(DATA SHOWN Opens)
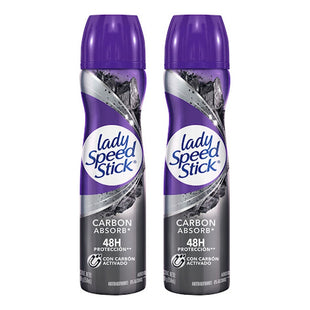X3 Desodorante Aerosol Lady Speed Stick Carbon Absorb 48h Carbon Absorb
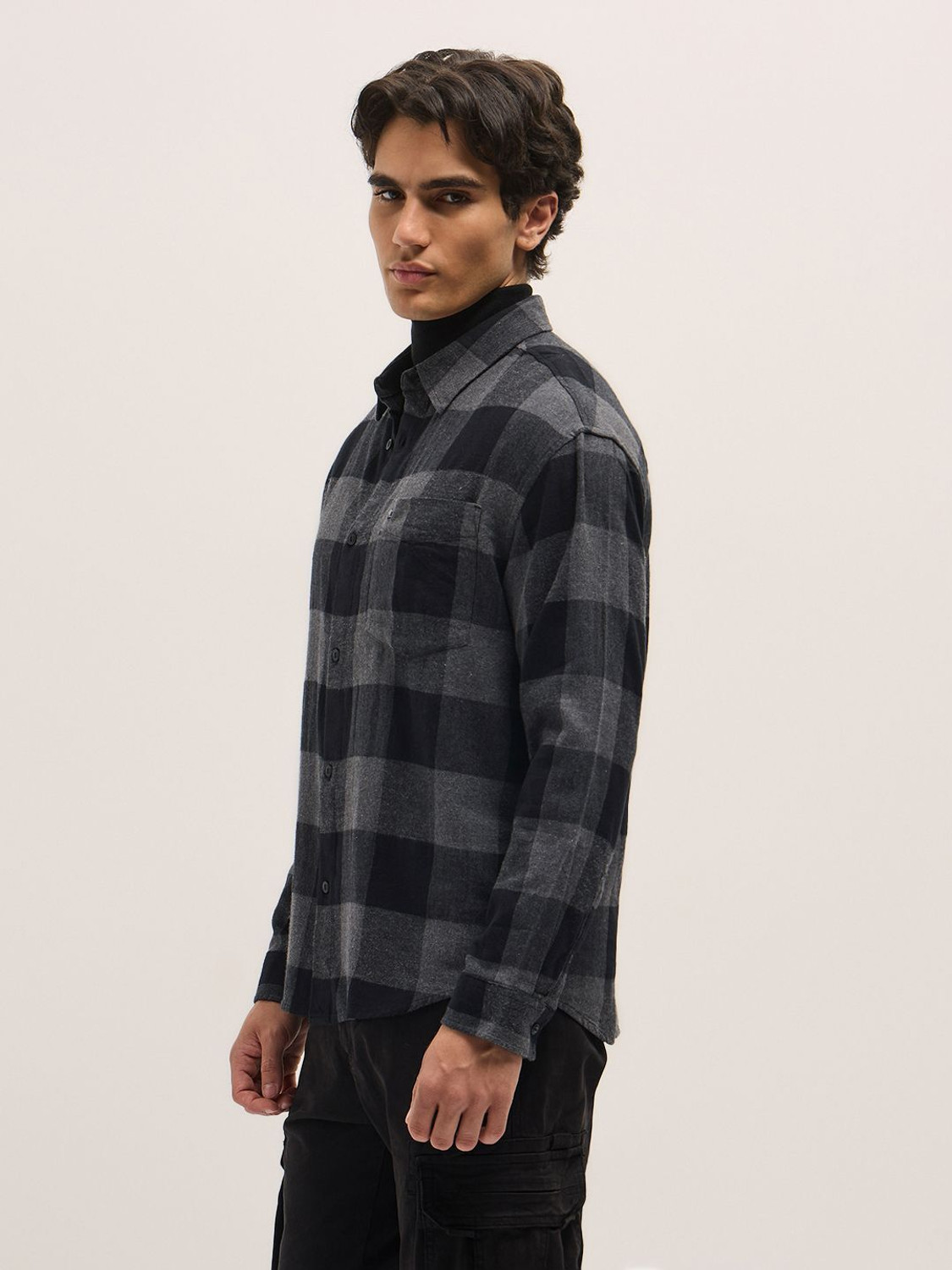 Image of THE BEAR HOUSE Men Checkered Casual Black Shirt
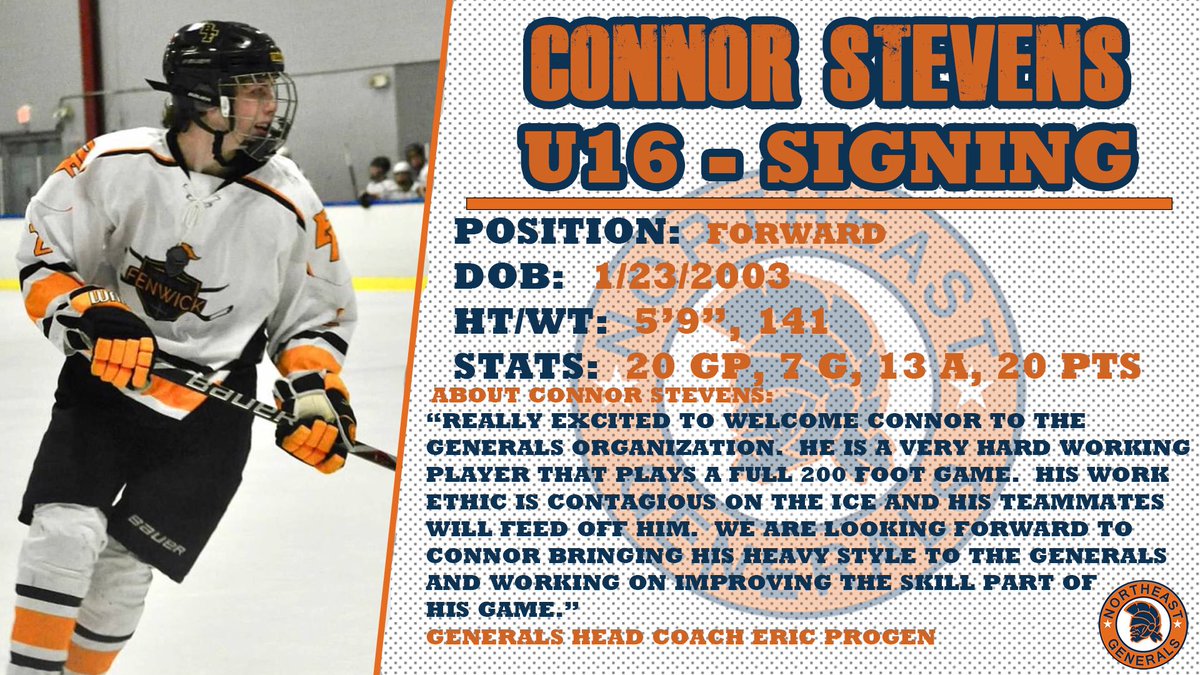 NHA_Hockey's tweet photo. The @negeneralsfs U16 team is excited to welcome hard working Forward @cstevens2244 to the @negenerals!  #rollgens https://t.co/S8Ums7S1R1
(DATA SHOWN Closes)
> [TASK ITEM]:
Each line from the one with "Image of THE" to the final line of the data above is to be printed exactly; no picture should appear in the copy.

> [TASK ANSWER]:
 Image of THE BEAR HOUSE Men Checkered Casual Black Shirt
 NHA_Hockey's tweet photo. The @negeneralsfs U16 team is excited to welcome hard working Forward @cstevens2244 to the @negenerals!  #rollgens https://t.co/S8Ums7S1R1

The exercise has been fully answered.